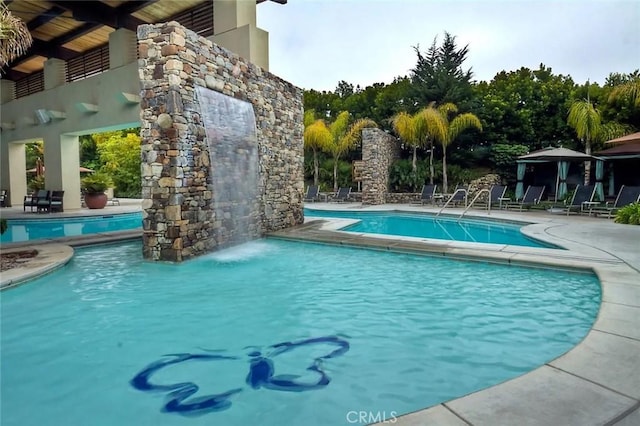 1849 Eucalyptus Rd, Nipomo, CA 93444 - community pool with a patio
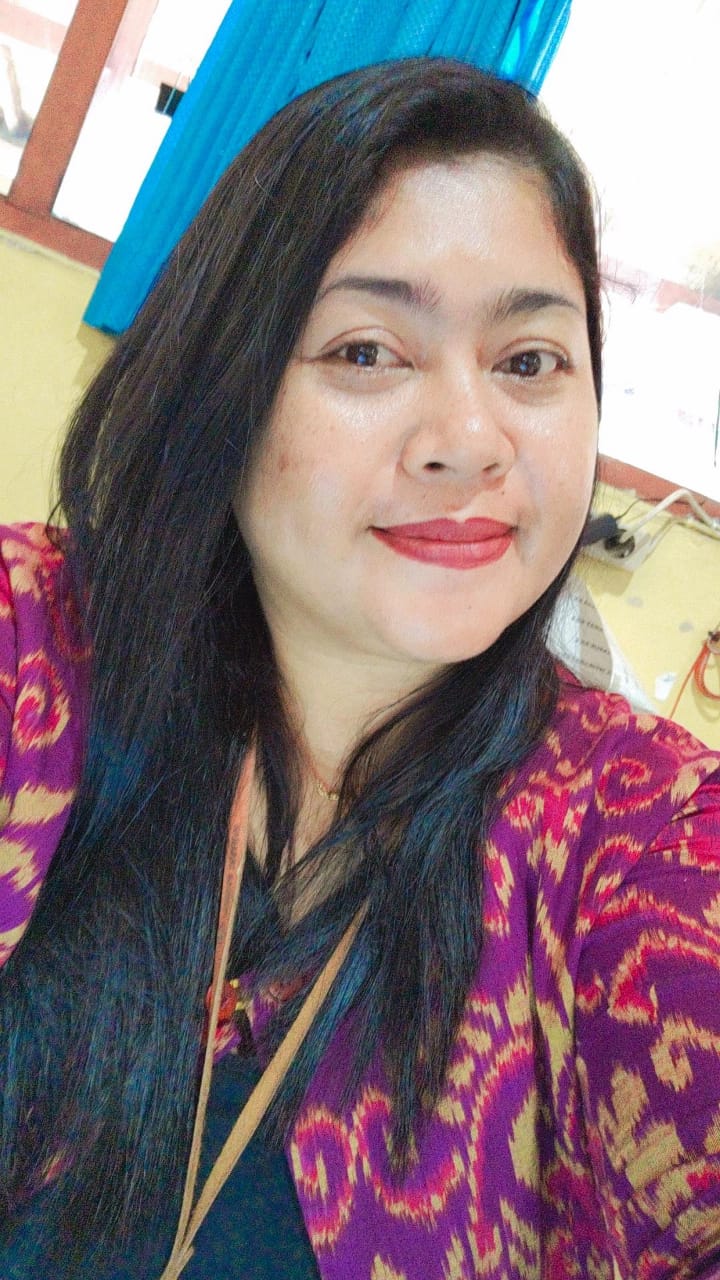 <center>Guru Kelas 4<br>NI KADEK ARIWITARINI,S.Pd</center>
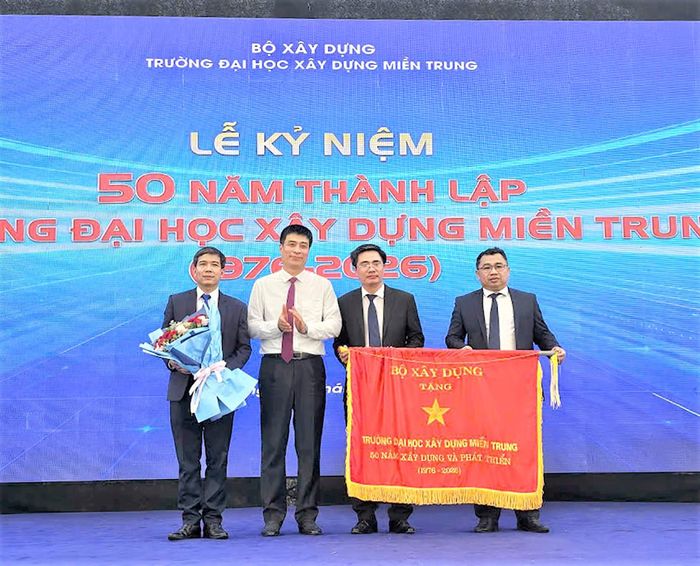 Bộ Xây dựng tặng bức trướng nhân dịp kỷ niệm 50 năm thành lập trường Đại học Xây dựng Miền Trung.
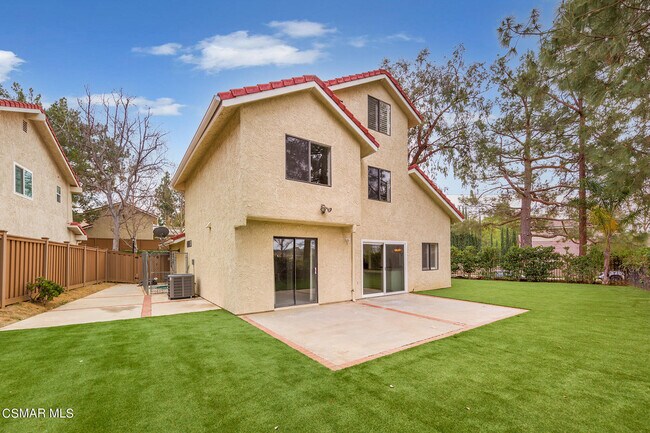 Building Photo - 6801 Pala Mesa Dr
...
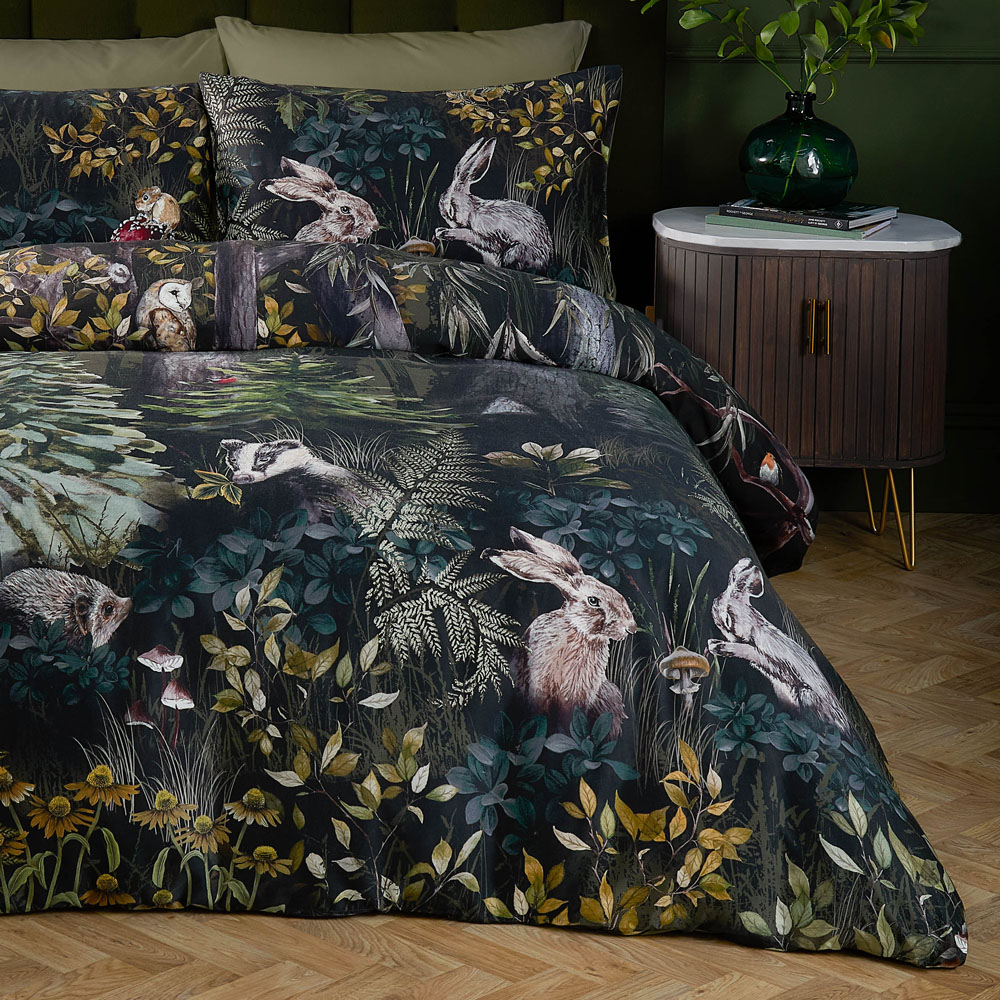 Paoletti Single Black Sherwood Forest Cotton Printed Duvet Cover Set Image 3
--
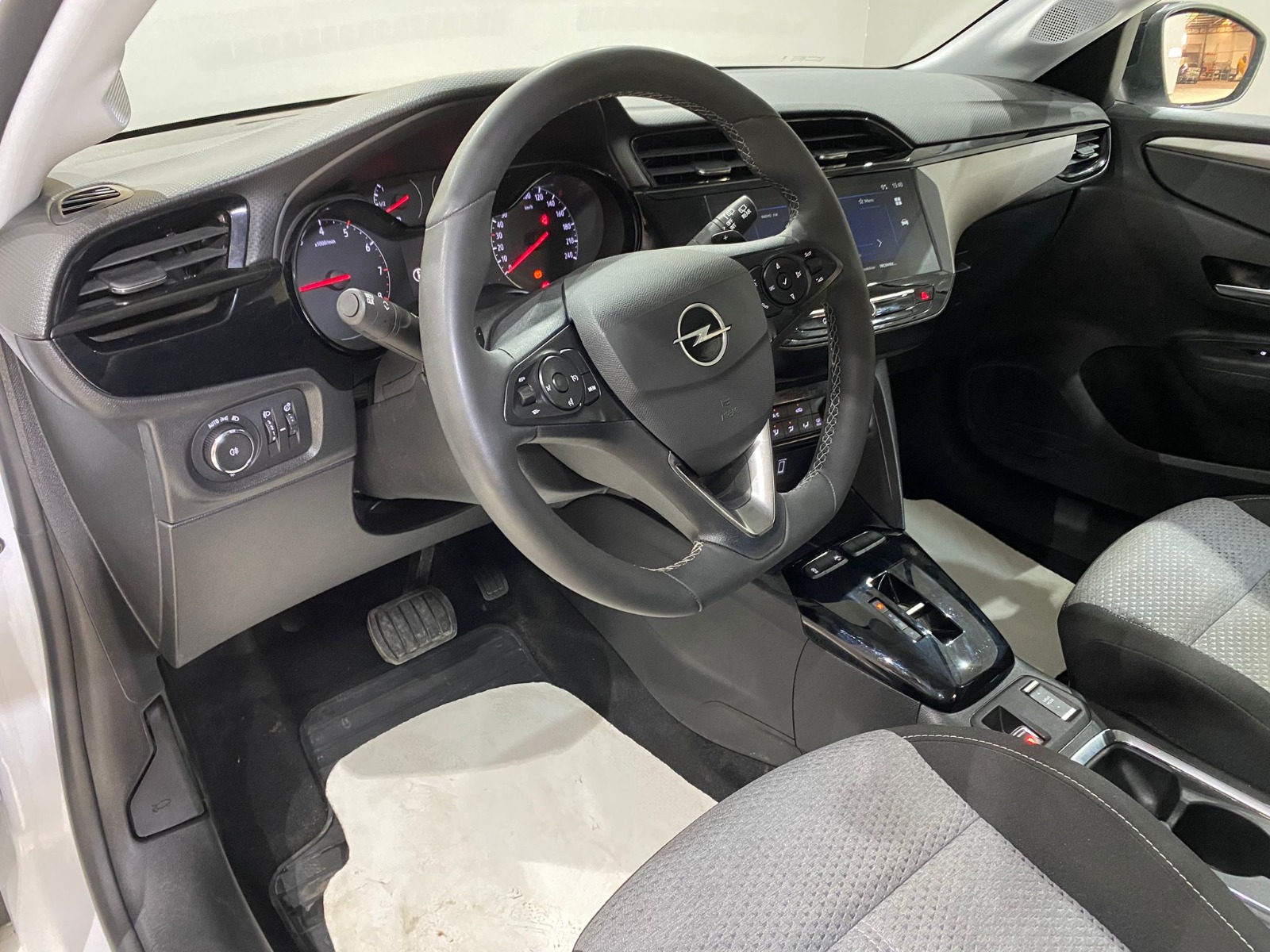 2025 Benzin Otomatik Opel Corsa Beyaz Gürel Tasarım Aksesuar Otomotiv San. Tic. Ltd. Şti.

WORK REQUEST: Retype, exactly and with no pictures, everything above from the line with "1849 Eucalyptus Rd, Nipomo, CA" down to the line with "Building Photo - 6801 Pala Mesa Dr", both included.

RESPONSE AREA:
 1849 Eucalyptus Rd, Nipomo, CA 93444 - community pool with a patio
 <center>Guru Kelas 4<br>NI KADEK ARIWITARINI,S.Pd</center>
 Bộ Xây dựng tặng bức trướng nhân dịp kỷ niệm 50 năm thành lập trường Đại học Xây dựng Miền Trung.
 Building Photo - 6801 Pala Mesa Dr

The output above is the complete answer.